À l’inverse des masques, le manque, c’est bon pour la santé et pour la gracieuseté. Après deux jours d’une humeur difficile, surtout pour l’entourage, on perd son haleine, sa toux, son cynisme, ses sarcasmes et son aquoibonisme pour retrouver son souffle, son goût, son sourire, ses sentiments, ses émotions, son mojo, ses rêves et son humour. Voilà sans doute pourquoi je n’arrive pas à trouver ces temps si difficiles. Et mes co-confinés apprécient.

Mais la pénurie psychotropique n’est pas la seule raison. Depuis qu’autour de nous, des humains trouvent la mort par milliers, j’appréhende la mienne beaucoup plus sereinement. Une mort collective me semble un peu moins triste qu’une mort individuelle, quand c’est la mienne. Qu’est ce qui rend le trépas si inacceptable, enfin le mien ? Le bout de ma vie, la fin de ma pensée, la mort de mon regard, la perte de ma conscience, le retour à un néant que je ne verrai même pas, certes. Mais surtout et avant tout, l’idée que sans moi et malgré la fin de mon moi, la vie de tous les autres continue. Si je meurs en temps normal, partout dans le monde et même dans mon immeuble, et un jour dans mon appart, on continuera de regarder la télé et de faire l’amour, et la terre continuera de tourner comme si de rien n’était. En temps de mortalité collective, modestement les choses changent. Évidemment, aujourd’hui tout ne disparaîtrait pas avec moi, mais un peu moins de mes frères humains me survivraient, et ce n’est pas pour me déplaire. Si je dois être coronaviré ce soir plutôt que disparaître de mort naturelle plus tard, je me consolerai avec l’idée que je ne serai pas seul à ne plus bander demain matin. Mourir seul est un drame insupportable, partir en bande même désorganisée, une idée plus douce.

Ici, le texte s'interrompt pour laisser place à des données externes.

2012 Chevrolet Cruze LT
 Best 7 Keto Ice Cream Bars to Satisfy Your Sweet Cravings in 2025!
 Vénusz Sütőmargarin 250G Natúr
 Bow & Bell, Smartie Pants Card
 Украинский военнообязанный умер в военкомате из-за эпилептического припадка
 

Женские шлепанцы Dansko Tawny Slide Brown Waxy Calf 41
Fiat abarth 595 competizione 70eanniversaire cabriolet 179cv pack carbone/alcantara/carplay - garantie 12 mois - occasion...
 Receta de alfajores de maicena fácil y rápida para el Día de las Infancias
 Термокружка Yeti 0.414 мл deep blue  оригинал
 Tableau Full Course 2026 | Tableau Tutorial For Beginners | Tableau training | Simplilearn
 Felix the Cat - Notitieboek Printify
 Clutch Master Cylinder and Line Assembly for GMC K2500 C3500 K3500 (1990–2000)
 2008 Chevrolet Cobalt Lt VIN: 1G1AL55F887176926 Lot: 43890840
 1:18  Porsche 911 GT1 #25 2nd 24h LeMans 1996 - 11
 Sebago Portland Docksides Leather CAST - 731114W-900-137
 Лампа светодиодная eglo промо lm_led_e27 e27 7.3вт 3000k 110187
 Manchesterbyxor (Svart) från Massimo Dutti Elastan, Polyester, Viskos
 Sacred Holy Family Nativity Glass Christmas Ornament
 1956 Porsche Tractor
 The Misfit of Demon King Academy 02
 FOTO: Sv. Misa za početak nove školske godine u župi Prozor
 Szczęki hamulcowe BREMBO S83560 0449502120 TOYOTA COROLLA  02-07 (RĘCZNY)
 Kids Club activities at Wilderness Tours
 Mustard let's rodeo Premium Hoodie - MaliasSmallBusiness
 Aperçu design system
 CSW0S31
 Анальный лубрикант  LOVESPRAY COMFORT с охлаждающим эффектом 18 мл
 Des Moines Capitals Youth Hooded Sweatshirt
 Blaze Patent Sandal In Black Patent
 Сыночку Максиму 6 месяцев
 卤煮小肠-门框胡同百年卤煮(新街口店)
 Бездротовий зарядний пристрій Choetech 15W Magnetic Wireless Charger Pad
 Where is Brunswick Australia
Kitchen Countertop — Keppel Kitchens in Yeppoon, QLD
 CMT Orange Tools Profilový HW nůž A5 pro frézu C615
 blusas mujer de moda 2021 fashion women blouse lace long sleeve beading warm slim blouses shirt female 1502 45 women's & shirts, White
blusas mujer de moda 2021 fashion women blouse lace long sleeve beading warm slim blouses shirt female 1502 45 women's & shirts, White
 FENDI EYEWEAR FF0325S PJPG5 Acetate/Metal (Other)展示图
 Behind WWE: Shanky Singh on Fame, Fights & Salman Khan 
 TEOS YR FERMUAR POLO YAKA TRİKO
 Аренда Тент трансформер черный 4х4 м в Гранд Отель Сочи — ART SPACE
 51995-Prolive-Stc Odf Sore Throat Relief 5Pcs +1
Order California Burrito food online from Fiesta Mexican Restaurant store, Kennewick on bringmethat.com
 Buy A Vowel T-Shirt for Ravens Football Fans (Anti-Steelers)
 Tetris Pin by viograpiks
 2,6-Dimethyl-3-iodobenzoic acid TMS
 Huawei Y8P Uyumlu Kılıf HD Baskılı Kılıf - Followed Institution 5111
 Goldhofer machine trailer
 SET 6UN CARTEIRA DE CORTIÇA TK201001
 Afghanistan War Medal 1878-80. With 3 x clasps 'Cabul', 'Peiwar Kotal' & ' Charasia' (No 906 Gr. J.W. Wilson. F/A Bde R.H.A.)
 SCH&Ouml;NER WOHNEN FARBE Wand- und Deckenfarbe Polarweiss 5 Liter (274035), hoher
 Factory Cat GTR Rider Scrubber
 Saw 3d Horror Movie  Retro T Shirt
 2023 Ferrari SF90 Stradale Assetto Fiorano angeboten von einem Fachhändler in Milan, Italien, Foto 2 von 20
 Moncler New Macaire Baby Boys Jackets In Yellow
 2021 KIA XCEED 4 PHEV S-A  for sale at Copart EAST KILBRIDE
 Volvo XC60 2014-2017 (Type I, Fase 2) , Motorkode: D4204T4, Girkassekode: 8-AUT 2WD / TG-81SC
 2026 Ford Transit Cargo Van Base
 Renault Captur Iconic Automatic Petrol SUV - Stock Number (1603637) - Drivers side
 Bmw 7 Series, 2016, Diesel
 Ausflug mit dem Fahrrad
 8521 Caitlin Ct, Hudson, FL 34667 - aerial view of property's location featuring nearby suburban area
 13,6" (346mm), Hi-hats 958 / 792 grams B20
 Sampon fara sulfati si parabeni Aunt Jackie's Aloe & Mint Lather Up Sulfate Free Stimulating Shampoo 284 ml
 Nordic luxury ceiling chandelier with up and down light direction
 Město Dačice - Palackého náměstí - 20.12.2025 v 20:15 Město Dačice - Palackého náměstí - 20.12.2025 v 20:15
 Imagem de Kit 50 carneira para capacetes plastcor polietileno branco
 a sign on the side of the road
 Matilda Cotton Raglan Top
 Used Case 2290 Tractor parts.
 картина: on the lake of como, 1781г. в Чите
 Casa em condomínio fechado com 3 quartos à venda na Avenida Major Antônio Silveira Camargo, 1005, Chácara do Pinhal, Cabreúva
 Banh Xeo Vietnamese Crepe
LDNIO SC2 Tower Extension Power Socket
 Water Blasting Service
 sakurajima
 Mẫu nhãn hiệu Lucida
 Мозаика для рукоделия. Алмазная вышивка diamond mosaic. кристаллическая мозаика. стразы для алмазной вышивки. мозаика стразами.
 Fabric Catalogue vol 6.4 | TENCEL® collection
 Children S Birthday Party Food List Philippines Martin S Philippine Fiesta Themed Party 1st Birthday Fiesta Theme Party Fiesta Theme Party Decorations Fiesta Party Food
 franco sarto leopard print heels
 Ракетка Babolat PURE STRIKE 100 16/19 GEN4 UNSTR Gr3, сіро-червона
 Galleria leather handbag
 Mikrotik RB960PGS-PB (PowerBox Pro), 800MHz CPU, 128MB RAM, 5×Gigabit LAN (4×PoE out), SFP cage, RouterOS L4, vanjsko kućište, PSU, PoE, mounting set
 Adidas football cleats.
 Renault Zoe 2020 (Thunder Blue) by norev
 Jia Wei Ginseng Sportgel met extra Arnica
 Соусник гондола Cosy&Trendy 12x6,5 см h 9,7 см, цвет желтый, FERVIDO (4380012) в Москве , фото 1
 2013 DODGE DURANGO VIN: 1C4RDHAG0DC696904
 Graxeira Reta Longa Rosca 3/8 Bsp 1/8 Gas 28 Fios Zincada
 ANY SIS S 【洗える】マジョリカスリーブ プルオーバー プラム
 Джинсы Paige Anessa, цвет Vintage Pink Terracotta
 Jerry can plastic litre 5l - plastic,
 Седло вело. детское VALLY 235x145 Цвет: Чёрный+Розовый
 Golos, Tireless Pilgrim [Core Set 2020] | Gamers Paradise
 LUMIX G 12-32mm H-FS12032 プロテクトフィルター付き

Si je devais expirer en ce moment, je le préférerais sans doute à un autre pour une autre raison encore. Comme quand, pensionnaire, j’avais échappé à la douche. Je trouverais dans mon dernier soupir la force de sourire en pensant que je vais échapper à la toilette, surtout mortuaire. N’ayant jamais abusé du savon pour entretenir mes défenses immunitaires, je n’aurais pas mérité qu’on se salisse les mains à me faire une vidange eaux et gaz, à me boucher les trous, à me tartiner de fond de teint, à me peinturlurer la tronche. De toute façon, je ne veux pas qu’on me voie : ce ne sera plus moi, juste un corps covide de mon esprit, et après la toilette, un faciès transfiguré de cire, maquillé comme un clown vivant, pathétique et grotesque. Et je n’ai pas de costume correct, ou alors il faudrait mettre mon bras sur un trou ou une tache. Déjà vivant, j’avais honte d’être l’objet de l’attention publique, alors mort… Ni présentable, ni présentation, les gestes barrière me sauveraient la mise. Si l’heure de mon trépas sonnait au temps du coronavirus, je disparaîtrais tranquille, presque incognito. Mais je précise, pas dans un four. Même avant d’être allé voir Auschwitz, je voulais être enterré.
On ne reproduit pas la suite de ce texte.